[Scraped caption text data]

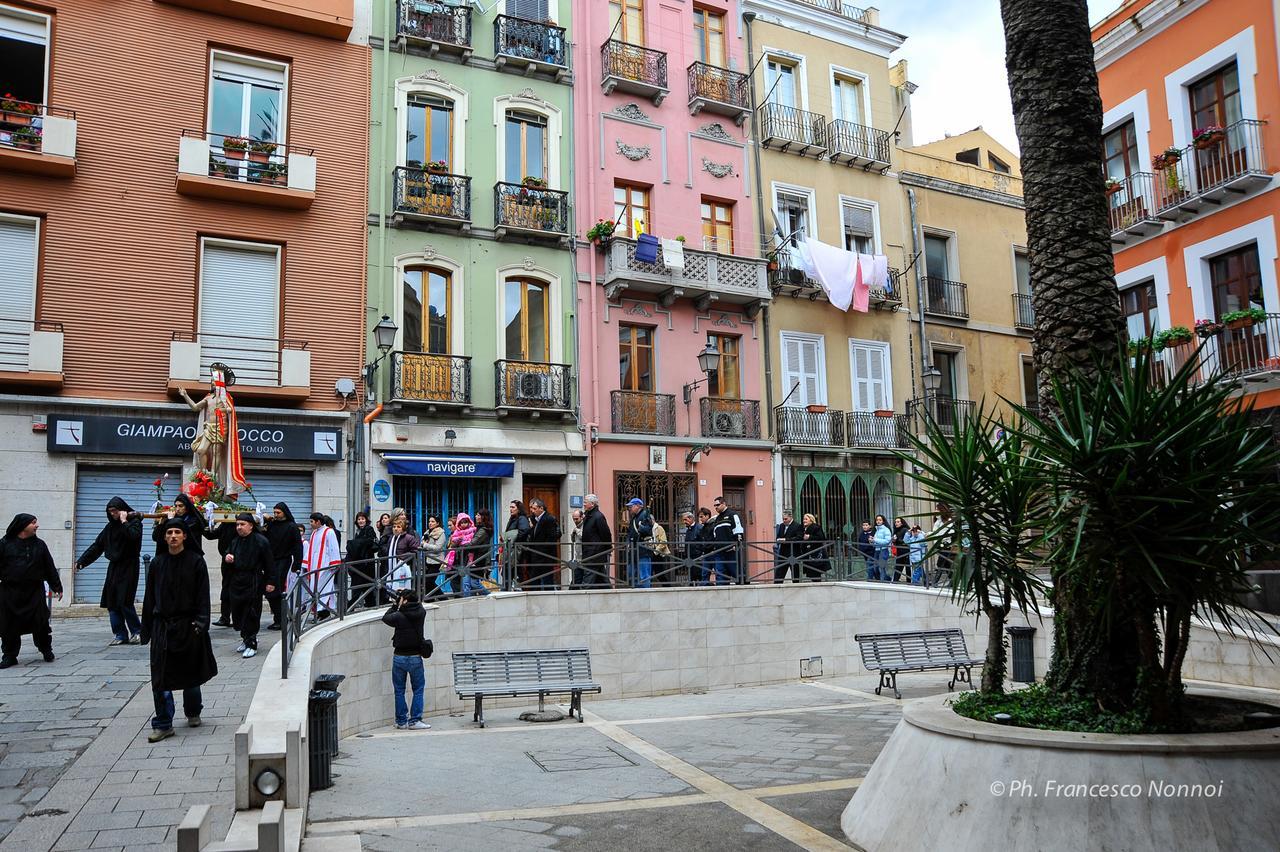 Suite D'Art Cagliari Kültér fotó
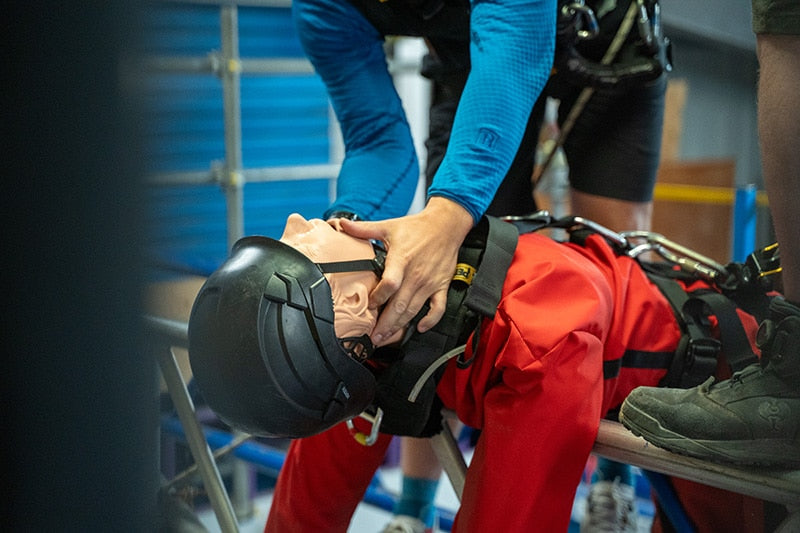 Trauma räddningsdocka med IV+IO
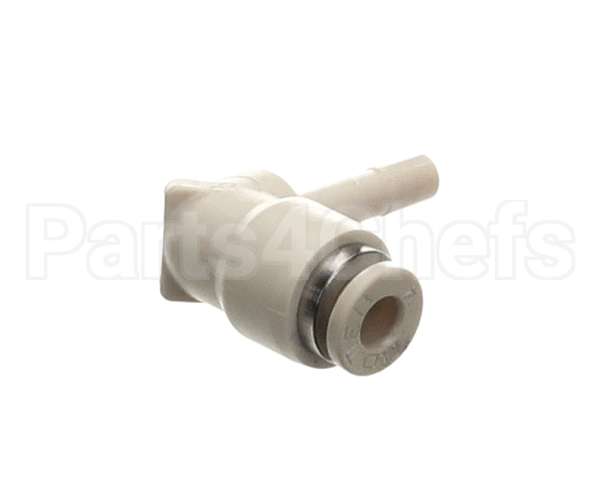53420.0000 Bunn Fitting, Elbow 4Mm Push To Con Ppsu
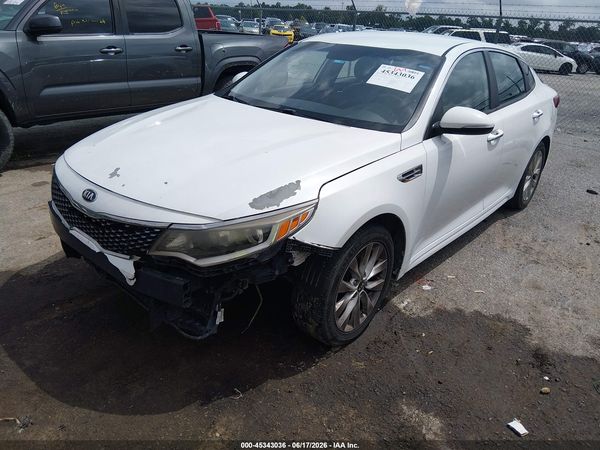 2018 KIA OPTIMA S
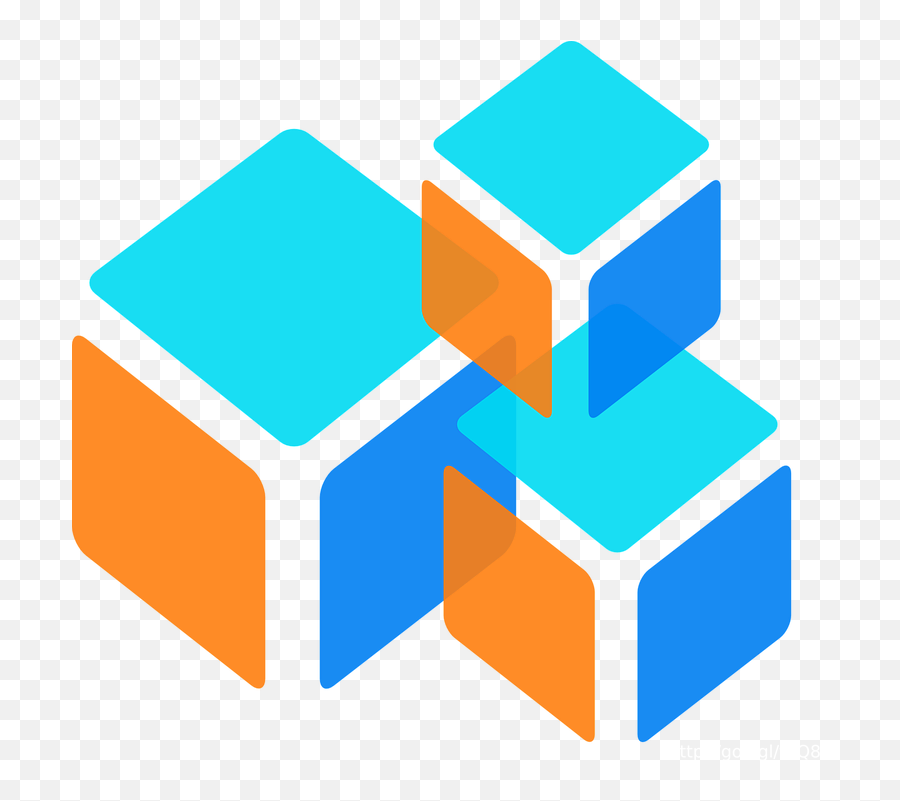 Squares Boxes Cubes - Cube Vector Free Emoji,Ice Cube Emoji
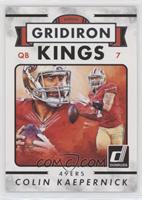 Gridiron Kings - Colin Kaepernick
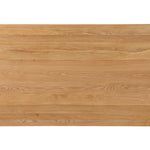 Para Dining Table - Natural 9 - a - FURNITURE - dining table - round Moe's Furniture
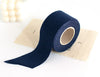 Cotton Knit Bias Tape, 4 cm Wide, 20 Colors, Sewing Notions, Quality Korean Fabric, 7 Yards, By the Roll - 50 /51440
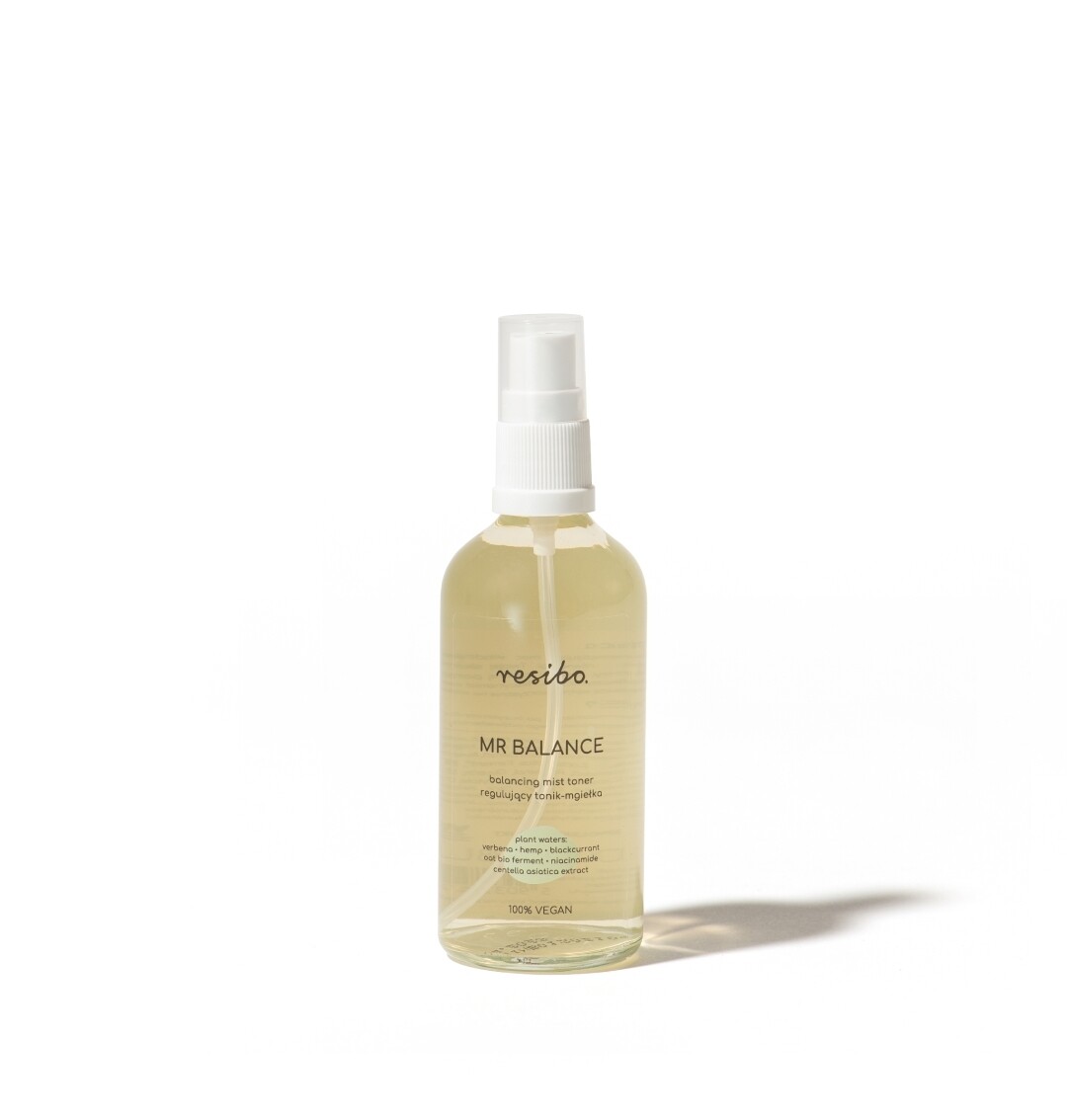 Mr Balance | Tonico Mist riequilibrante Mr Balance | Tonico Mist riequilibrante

▶ **What is expected**
Exactly as written, reproduce the lines from the one containing "Trauma räddningsdocka med IV+IO" through the last line of the entries above, and leave every picture out.

▶ **Task output**
 Trauma räddningsdocka med IV+IO
53420.0000 Bunn Fitting, Elbow 4Mm Push To Con Ppsu
 2018 KIA OPTIMA S
 Squares Boxes Cubes - Cube Vector Free Emoji,Ice Cube Emoji
 Gridiron Kings - Colin Kaepernick
 Para Dining Table - Natural 9 - a - FURNITURE - dining table - round Moe's Furniture
 Cotton Knit Bias Tape, 4 cm Wide, 20 Colors, Sewing Notions, Quality Korean Fabric, 7 Yards, By the Roll - 50 /51440
 Mr Balance | Tonico Mist riequilibrante Mr Balance | Tonico Mist riequilibrante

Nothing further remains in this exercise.